◆ **RECORDS FOR THE TASK**:
____

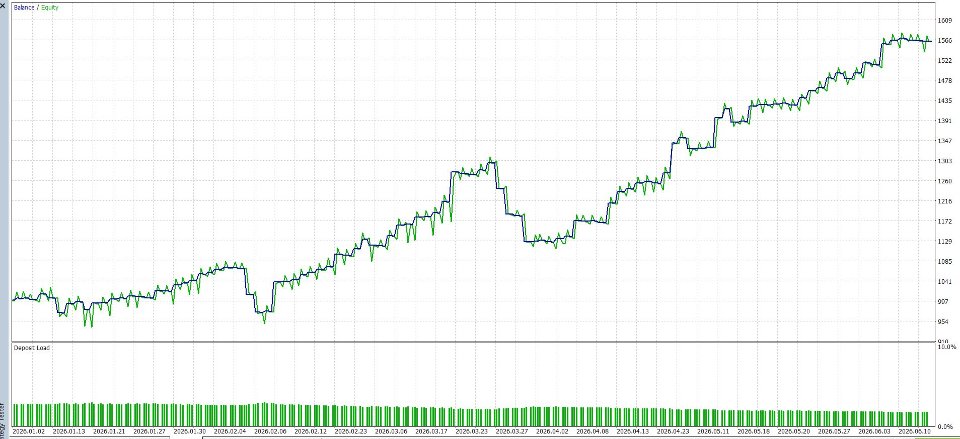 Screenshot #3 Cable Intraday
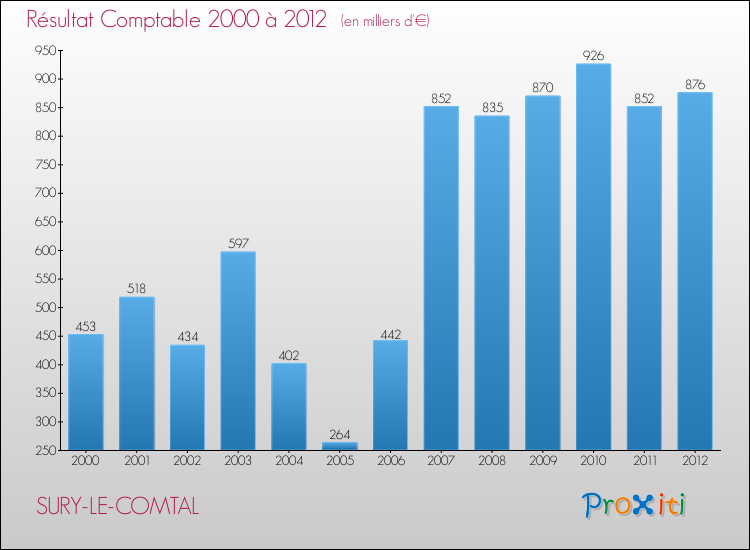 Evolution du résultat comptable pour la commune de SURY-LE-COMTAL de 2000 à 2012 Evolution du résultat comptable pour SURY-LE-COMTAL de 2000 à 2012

____

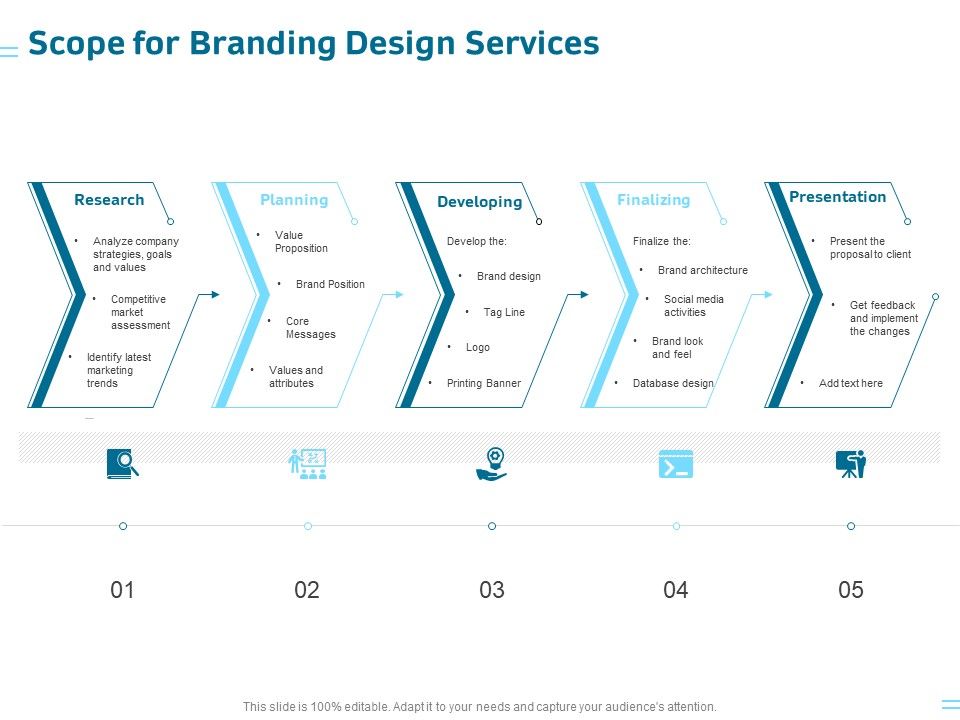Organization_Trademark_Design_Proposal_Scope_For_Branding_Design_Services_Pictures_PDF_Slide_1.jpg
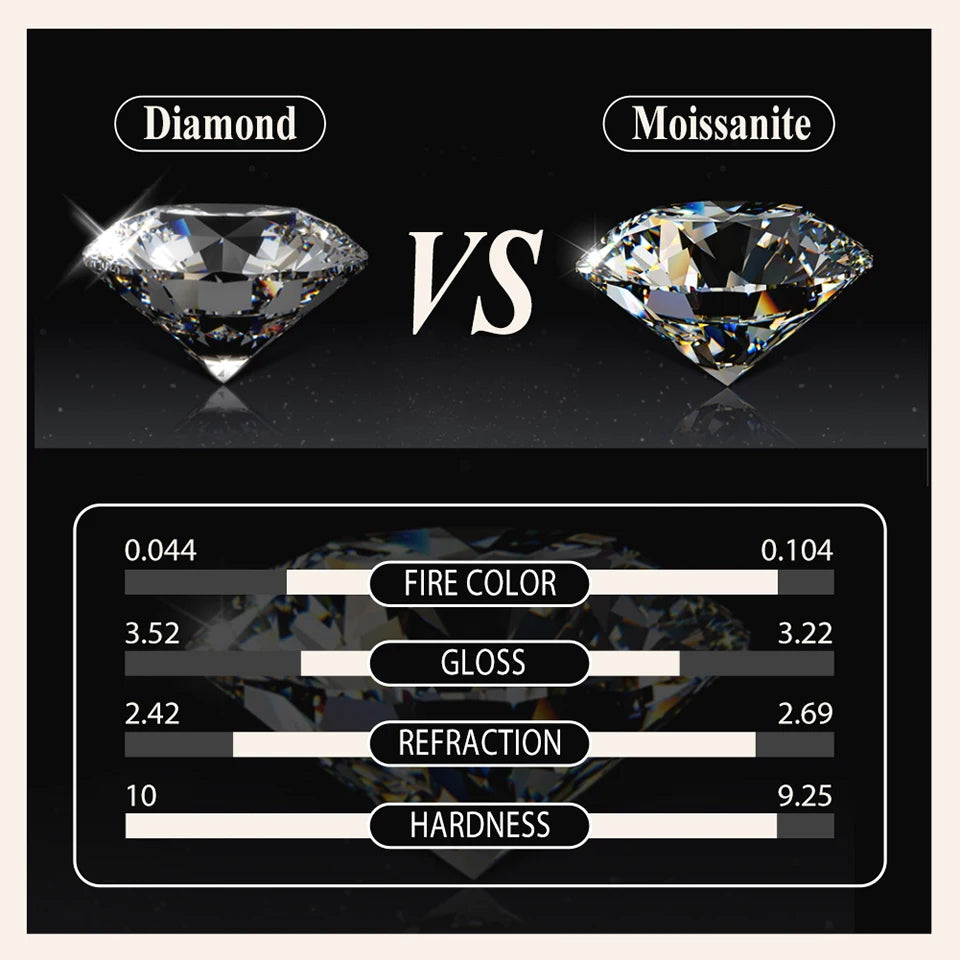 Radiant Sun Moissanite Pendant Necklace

____

◆ **PROBLEM DESCRIPTION**: Take the material above from the line containing "Screenshot #3 Cable Intraday" up to and including the line containing "Evolution du résultat comptable pour la" and retype it exactly, without any pictures.

◆ **RESPONSE BOX**:
 Screenshot #3 Cable Intraday
 Evolution du résultat comptable pour la commune de SURY-LE-COMTAL de 2000 à 2012 Evolution du résultat comptable pour SURY-LE-COMTAL de 2000 à 2012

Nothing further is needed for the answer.